Items listed in a dataset:
- Opening Delimiter -
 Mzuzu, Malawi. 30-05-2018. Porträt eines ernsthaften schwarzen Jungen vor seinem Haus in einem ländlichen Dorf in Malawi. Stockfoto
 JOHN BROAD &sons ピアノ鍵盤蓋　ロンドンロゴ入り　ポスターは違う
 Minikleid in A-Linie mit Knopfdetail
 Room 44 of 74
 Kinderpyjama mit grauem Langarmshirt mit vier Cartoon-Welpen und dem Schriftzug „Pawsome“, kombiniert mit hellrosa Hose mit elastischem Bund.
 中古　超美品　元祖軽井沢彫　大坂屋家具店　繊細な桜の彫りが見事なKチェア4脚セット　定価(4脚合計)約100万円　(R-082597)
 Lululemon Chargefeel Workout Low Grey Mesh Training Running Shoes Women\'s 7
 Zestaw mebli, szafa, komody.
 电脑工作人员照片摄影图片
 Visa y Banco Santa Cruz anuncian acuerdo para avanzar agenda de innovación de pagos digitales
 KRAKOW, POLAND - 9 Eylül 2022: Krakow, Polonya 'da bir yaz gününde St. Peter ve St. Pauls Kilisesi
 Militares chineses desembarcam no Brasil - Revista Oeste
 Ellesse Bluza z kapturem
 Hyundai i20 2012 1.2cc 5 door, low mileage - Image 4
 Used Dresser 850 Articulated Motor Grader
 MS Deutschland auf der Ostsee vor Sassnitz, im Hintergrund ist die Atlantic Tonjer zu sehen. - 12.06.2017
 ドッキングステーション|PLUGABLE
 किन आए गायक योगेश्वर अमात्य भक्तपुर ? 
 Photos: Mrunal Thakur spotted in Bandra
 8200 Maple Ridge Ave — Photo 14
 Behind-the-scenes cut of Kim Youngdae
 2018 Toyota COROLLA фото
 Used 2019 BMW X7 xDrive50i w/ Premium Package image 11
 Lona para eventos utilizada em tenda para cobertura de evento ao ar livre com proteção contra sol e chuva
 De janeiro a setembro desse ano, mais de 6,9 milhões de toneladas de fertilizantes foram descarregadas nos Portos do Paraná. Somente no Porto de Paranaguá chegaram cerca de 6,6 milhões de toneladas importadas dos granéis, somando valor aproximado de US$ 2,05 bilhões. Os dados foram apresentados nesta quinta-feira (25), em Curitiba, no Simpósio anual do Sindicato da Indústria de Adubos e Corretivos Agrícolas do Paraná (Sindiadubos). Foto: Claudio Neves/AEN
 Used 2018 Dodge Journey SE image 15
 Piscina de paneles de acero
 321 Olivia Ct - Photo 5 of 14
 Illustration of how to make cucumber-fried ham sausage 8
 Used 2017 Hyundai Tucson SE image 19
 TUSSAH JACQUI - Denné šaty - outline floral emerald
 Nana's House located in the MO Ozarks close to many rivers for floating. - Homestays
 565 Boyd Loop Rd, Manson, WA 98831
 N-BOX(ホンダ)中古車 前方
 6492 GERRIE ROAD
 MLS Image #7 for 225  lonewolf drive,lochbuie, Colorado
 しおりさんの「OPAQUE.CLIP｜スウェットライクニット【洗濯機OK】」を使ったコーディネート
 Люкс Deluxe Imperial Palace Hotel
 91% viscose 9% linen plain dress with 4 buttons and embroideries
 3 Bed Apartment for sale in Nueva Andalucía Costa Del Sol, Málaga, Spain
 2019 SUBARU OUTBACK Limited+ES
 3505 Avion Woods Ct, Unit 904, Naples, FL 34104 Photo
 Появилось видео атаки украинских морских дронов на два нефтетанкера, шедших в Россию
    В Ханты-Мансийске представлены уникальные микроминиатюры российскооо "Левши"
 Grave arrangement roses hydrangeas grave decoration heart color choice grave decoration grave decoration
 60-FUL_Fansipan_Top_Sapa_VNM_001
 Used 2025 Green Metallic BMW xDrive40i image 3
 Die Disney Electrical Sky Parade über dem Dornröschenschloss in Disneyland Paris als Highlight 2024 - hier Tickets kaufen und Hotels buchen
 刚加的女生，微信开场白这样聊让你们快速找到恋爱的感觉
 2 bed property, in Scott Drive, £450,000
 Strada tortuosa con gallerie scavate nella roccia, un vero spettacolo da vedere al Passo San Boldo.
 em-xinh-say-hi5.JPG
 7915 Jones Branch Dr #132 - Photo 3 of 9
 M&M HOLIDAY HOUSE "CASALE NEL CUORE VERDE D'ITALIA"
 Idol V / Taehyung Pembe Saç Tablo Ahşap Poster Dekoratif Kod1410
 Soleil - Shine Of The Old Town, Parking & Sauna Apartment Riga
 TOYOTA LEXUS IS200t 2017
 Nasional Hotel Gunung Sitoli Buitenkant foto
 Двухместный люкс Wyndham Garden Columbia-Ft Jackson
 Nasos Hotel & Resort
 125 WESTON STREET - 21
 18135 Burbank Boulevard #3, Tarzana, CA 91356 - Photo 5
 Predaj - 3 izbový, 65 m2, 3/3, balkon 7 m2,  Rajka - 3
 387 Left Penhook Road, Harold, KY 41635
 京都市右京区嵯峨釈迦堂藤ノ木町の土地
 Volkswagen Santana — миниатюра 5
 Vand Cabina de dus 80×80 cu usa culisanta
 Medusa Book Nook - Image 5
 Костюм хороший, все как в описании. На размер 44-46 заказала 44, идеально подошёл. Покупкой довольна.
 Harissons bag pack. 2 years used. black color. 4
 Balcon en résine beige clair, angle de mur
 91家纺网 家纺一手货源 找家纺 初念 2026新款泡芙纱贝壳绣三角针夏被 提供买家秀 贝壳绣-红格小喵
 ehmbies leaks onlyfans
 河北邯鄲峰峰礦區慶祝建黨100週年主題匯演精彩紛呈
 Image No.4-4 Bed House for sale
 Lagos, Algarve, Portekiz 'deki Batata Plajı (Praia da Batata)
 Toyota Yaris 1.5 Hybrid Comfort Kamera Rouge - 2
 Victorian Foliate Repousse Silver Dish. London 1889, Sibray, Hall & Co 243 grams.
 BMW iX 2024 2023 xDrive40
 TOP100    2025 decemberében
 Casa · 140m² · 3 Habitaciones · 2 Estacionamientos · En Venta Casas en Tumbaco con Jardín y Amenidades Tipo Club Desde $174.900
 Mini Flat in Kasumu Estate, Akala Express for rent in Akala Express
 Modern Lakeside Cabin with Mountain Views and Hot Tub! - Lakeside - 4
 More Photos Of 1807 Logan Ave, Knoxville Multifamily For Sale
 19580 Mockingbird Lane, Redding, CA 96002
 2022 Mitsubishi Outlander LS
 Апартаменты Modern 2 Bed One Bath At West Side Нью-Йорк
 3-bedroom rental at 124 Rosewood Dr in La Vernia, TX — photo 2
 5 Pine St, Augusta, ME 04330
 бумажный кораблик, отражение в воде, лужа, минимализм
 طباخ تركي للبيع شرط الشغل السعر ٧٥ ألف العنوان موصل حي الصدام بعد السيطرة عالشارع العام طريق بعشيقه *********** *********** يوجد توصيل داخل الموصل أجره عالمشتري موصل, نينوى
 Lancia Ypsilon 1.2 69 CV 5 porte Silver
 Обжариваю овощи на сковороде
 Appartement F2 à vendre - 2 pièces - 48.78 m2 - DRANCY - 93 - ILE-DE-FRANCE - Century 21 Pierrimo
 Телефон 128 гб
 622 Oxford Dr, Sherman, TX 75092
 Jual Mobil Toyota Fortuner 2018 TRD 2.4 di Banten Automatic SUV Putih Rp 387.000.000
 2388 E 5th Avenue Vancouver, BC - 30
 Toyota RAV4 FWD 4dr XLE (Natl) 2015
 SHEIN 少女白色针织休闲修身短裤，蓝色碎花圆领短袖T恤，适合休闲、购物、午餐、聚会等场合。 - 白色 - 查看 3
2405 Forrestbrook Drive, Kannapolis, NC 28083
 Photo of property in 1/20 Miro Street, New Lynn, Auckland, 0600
- Closing Delimiter -
Action item ::
Go to the line with "KRAKOW, POLAND - 9" in the entries above and repeat every line from there through the line with "किन आए गायक योगेश्वर अमात्य भक्तपुर ?", exactly and with no other text.

Exercise solution ::
 KRAKOW, POLAND - 9 Eylül 2022: Krakow, Polonya 'da bir yaz gününde St. Peter ve St. Pauls Kilisesi
 Militares chineses desembarcam no Brasil - Revista Oeste
 Ellesse Bluza z kapturem
 Hyundai i20 2012 1.2cc 5 door, low mileage - Image 4
 Used Dresser 850 Articulated Motor Grader
 MS Deutschland auf der Ostsee vor Sassnitz, im Hintergrund ist die Atlantic Tonjer zu sehen. - 12.06.2017
 ドッキングステーション|PLUGABLE
 किन आए गायक योगेश्वर अमात्य भक्तपुर ? 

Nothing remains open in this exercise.